Mientras escribo esto, mi hijo más pequeño batalla contra las últimas cien páginas de Los hijos del capitán Grant, de Verne, que debe terminar para la escuela. Como en 20.000 leguas de viaje submarino, la asignación anterior, las aventuras se suceden sin pausa, y, Google Maps mediante, es fácil seguir el itinerario alrededor del globo de la combinación de hombres de acción y pensamiento que pueblan los Viajes extraordinarios.

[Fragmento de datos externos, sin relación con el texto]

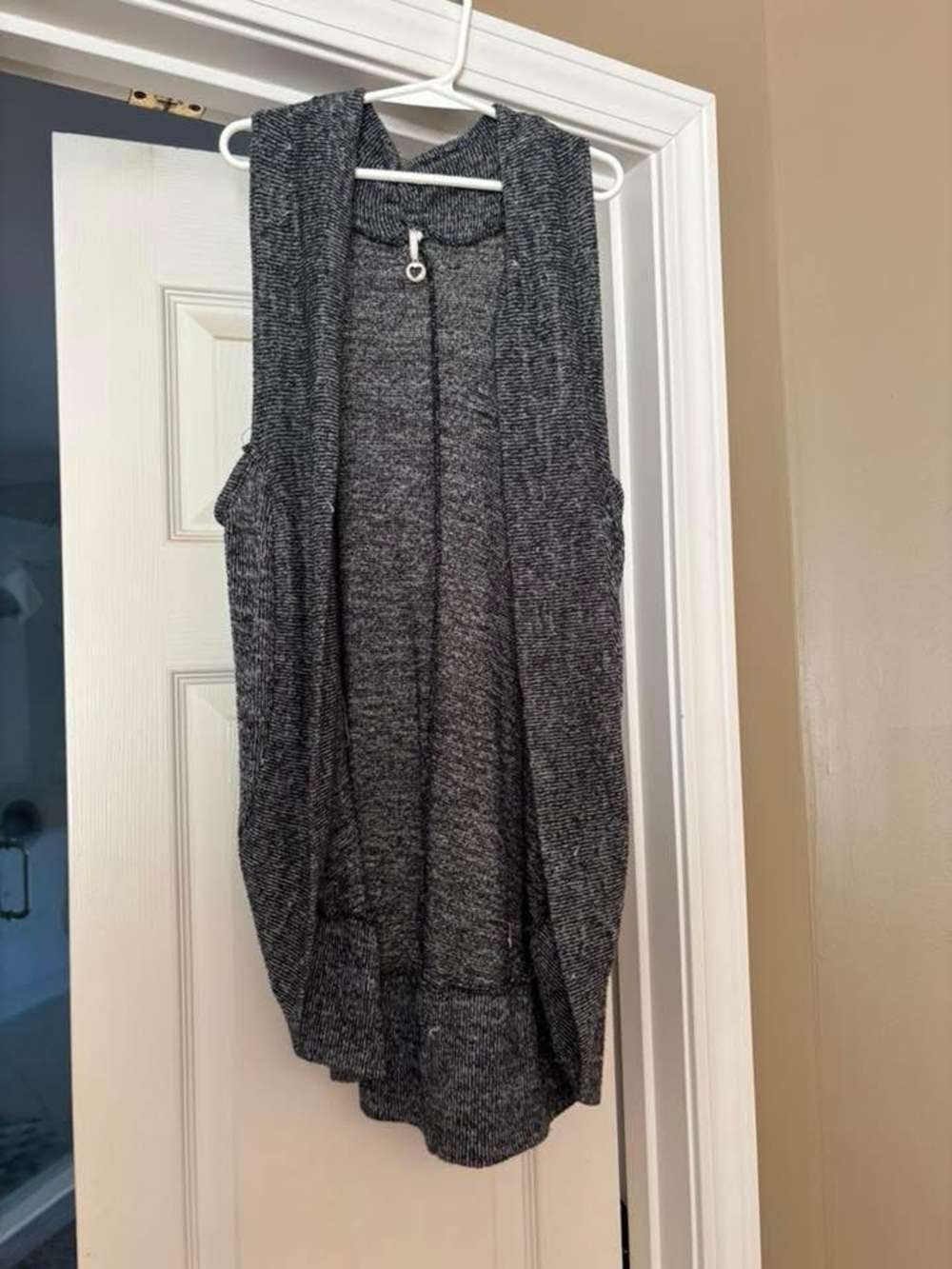 Sleeveless Open-Front Knit Cardigan Vest - Charcoal Gray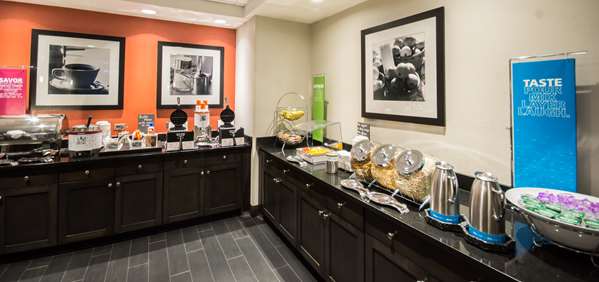Restaurant - Hampton Inn & Suites Orlando - I-4, Exits 71 & 72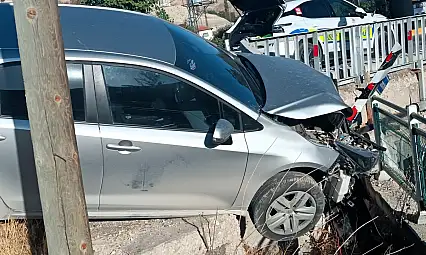 Darende'de Kontrolden Çıkan Araç Bariyerlere Çarptı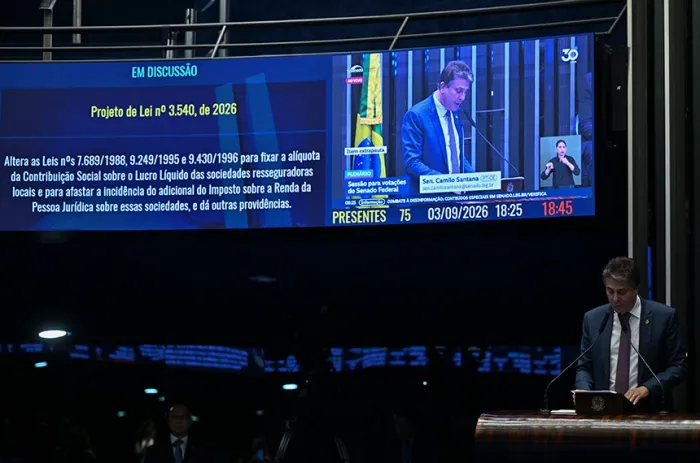 Camilo Santana, que fez a leitura do parecer no Plenário - Foto: Ton Molina/Agência Senado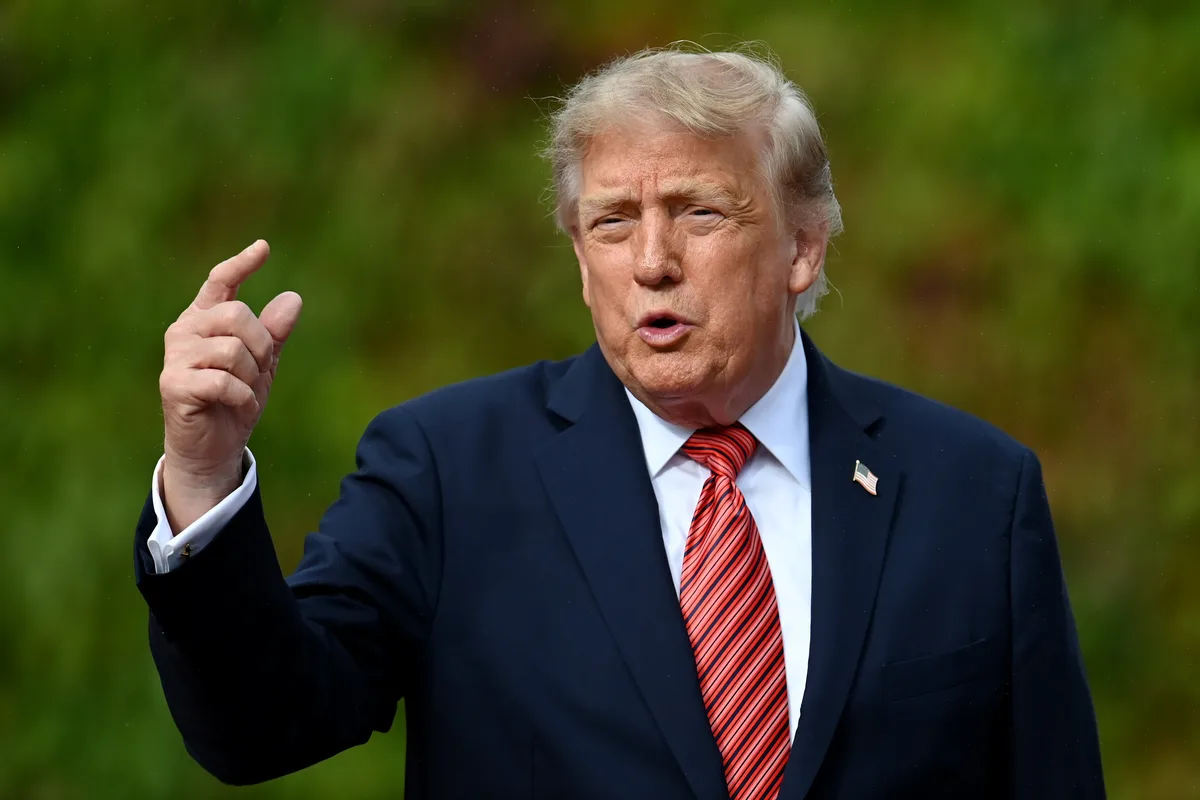 Trump Reports Over 1,100 July Trades, Some Worth Up to $25M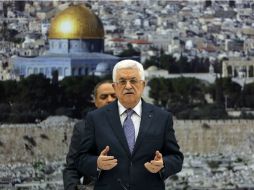 El presidente de la Autoridad Palestina, Mahmud Abas reza en memoria de los que perdieron la vida durante el enfrentamiento en Gaza. AFP /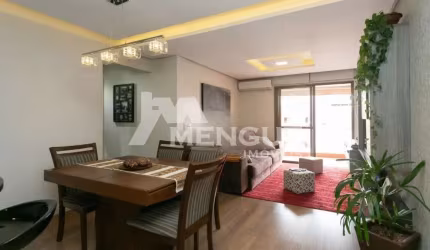 Apartamento com 3 quartos à venda na Rua Carlos Silveira Martins Pacheco, 55, Cristo Redentor, Porto Alegre por R$ 590.000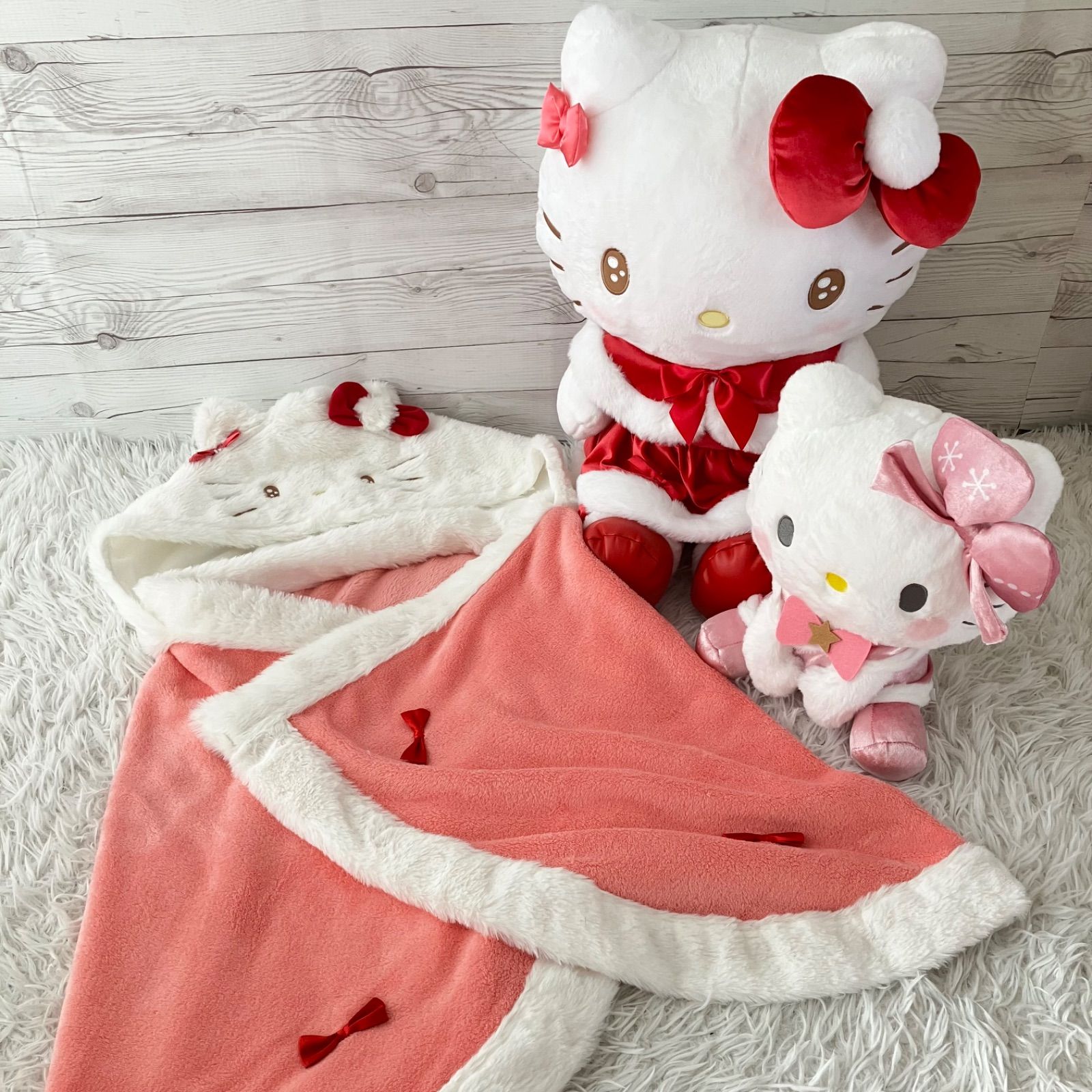 美品 サンリオ ハローキティ 一番くじ ラストスペシャル賞 フード付き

La aparición de lugares reconocibles de la Argentina –un desborde de ríos que tiene a los protagonistas varios días viviendo en un ombú, complicada por la aparición de ¡cocodrilos! , por ejemplo– suma puntos a la hora de mantener el interés, lo mismo que el artero recurso de revelarle que el destino del capitán Nemo tras el maelstrom resuelve en el último de los volúmenes asignados por la maestra, La isla misteriosa.
No importa cuánto se empecine Verne en obligar a los aventureros a recorrer el globo persiguiendo los enigmas de un documento: lamento confirmar que para él y sus compañeros la lectura es una tarea más, hasta el punto de de asignarle horas de trabajo a su progreso, cual jornalero literario. En abierto desprecio a la unidad de medida correspondiente, organiza la tarde con una hora de lectura, media hora de descanso y así hasta terminar [N. de la R.: no está avanzando muy rápido].
Trato de conmiserarme con su “deber” –batallo con mi propio deber para el hogar en un fin de semana lluvioso– pero es difícil entender a la lectura como tarea (trabajo, eso sí, pero elegido). Tampoco puedo acompañarlo en la queja sin que se note la actuación, dado el entusiasmo secreto ante la posibilidad de que vuelva a leer. La seguidilla verneana en su nuevo colegio y la aparición de Teoría Literaria en la currícula de su hermana me ha permitido desempolvar mis habilidades profesionales, esas que aparentemente se habían mantenido en el apartado NS/NC hasta hoy. De pronto, “al fin sirve para algo” [sic] saber extraer el conflicto de una obra, explicar qué corno es la mímesis o resumir las ideas de la Escuela de Fráncfort. Solo me falta hacer sonar los nudillos con pedantería antes de arrancar la lección.
Leer es mucho más que solo leer por placer, aunque con eso bastaría. Acompañar las primeras lecturas solitarias, por más forzosas que sean, es recordar que un libro es una tecnología sin manual. Hay que aprender a leer sin abrir demasiado el libro para que no se parta, decidir si se usa señalador o doblar la esquina de la hoja para reencontrar el punto en el que dejamos, marcar con el lápiz lo que nos parece importante, memorable o malísimo (aplicable a lecturas no escolares, según opinión), regular la concentración y la postura y, por supuesto, manejar el índice, el estudio preliminar y hasta las dedicatorias como parte de un todo. Por lo demás: “¿Qué pluma puede describir esta escena de maravilloso horror? ¿Qué lápiz puede retratarla?” Verne pudo.